Now, the U.S. Virgin Islands are alleging similar assertions, claiming the bank was instrumental in facilitating some of Epstein’s most crucial business deals.
According to a document filed in Manhattan federal court, the bank allowed Epstein to establish a sex trafficking operation in the territory.
“These sets of recommendations aim to address the same core problem: JPMorgan’s knowledge of and failure to report Epstein’s trafficking because it lacked the economic incentive and motivation to place compliance with the law and prevention of trafficking ahead of its own profits,” the document reads.

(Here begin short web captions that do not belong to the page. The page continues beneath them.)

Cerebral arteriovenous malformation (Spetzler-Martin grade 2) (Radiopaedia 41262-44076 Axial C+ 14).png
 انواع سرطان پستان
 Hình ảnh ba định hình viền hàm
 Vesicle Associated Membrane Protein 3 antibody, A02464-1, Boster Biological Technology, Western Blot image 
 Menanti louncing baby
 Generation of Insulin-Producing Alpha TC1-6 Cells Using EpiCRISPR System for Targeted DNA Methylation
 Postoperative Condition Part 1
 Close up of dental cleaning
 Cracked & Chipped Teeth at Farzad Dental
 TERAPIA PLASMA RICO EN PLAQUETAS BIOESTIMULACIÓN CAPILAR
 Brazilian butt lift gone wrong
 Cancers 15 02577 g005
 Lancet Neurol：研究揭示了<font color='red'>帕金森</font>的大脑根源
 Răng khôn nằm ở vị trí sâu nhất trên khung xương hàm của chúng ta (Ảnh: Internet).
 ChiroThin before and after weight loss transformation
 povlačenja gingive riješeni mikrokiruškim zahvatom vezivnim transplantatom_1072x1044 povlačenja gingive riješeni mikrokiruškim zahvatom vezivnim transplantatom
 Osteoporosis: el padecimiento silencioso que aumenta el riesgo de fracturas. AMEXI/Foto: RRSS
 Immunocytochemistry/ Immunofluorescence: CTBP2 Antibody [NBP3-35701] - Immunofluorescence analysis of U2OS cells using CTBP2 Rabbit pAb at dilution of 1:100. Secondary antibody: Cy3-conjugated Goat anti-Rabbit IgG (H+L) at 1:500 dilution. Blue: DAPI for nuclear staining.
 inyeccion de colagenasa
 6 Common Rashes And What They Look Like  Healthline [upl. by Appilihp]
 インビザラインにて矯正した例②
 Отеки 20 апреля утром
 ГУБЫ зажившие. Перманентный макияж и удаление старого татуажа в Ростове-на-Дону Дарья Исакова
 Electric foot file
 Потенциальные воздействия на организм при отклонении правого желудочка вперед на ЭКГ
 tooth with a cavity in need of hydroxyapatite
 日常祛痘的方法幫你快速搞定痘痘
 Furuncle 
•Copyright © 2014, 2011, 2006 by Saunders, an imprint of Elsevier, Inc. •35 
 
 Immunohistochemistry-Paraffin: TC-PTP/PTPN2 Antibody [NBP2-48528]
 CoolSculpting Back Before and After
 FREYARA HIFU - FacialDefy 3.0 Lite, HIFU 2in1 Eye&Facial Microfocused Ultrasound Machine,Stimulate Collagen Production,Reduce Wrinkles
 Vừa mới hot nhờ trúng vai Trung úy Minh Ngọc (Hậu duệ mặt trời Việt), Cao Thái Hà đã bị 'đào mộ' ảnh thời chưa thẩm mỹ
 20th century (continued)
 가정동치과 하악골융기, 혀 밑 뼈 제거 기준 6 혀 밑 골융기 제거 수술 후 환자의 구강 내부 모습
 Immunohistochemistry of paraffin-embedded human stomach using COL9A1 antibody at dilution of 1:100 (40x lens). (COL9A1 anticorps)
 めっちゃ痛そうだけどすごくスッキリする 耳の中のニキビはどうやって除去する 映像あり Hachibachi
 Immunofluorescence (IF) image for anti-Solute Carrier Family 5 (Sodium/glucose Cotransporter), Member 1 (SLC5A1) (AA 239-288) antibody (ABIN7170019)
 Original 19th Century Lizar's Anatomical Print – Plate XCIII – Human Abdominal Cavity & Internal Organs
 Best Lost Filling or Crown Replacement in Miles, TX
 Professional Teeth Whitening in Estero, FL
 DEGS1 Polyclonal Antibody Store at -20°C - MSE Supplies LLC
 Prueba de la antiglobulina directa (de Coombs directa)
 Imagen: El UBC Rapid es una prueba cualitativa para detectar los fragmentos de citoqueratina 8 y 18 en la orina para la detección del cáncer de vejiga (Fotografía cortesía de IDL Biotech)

The USVI is seeking $150 million in civil penalties from the bank. It will seek an additional $40 million, alleging that Epstein’s connections to high-profile individuals profited JP Morgan directly. The document reads:
In addition, Epstein referred many ultra-high net worth clients to the bank, including Sergey Brin, Bill Gates, Leslie Wexner, Glenn Dubin, and the USVI will prove, also conservatively, that those clients generated an additional $20 million in fees. Thus, the USVI conservatively estimates that until Epstein’s exit from the Bank at the end of 2013, JPMorgan received at least $40 million from its relationship with Epstein. This does not include the difficult to quantify value of Epstein introducing JPMorgan to high profile individuals, such as Prince Andrew, Ehud Barack, and Lord Peter Mandelson, connecting JPMorgan with the Gates Foundation, or consulting services that Epstein provided to the Bank including related to the Highbridge acquisition.
In June, JP Morgan Chase paid a $290 settlement to Epstein’s victims through a class-action lawsuit, though it did not admit fault or liability in the role it played by facilitating Epstein’s business.
Epstein’s Connection to USVI Runs Deep
Jeffrey Epstein owned two private island in the U.S. Virgin Islands known as Grand Saint James and Little Saint James (also informally referred to as “orgy island”). The islands included at least one mansion, several guest houses, an amphitheater and other bizarre amenities.
Some of the high-profile guests who have visited Little Saint James Island include the above-mentioned Jes Staley. Former employees at the island also allege seeing Victoria’s Secret models there, Prince Andrew, Duke of York, and Bill Clinton, though this has been disputed.
“We are pursuing this enforcement action because JPMorgan Chase’s institutional failure enabled Jeffrey Epstein’s sex trafficking, and JPMorgan Chase must make significant changes to detect, report and stop human trafficking,” U.S. Virgin Islands Attorney General Ariel Smith said in a statement.
The USVI also wants JP Morgan Chase to set a new framework of policies and regulations that will prevent human trafficking incidents in the future. Some of these rules may include segmenting business and compliance and instituting a new compliance consultant independent of the bank.
A trial has been scheduled for October 23. JP Morgan Chase denies wrongdoing.
“Had the firm believed he was engaged in an ongoing sex trafficking operation, Epstein would not have been retained as client,” a JPMorgan Chase spokesperson said in a statement. “In hindsight, we regret he was ever a client.”